Required action
The answer is the complete listing below, written out again exactly.

Given information
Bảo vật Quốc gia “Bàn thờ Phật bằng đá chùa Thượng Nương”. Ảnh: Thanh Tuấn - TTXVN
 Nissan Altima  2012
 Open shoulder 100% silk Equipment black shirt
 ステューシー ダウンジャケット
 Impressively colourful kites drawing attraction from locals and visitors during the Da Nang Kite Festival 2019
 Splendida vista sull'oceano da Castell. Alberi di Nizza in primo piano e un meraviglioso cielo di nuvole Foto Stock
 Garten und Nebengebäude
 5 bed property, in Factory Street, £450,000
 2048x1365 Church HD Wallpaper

Solution below
Bảo vật Quốc gia “Bàn thờ Phật bằng đá chùa Thượng Nương”. Ảnh: Thanh Tuấn - TTXVN
 Nissan Altima  2012
 Open shoulder 100% silk Equipment black shirt
 ステューシー ダウンジャケット
 Impressively colourful kites drawing attraction from locals and visitors during the Da Nang Kite Festival 2019
 Splendida vista sull'oceano da Castell. Alberi di Nizza in primo piano e un meraviglioso cielo di nuvole Foto Stock
 Garten und Nebengebäude
 5 bed property, in Factory Street, £450,000
 2048x1365 Church HD Wallpaper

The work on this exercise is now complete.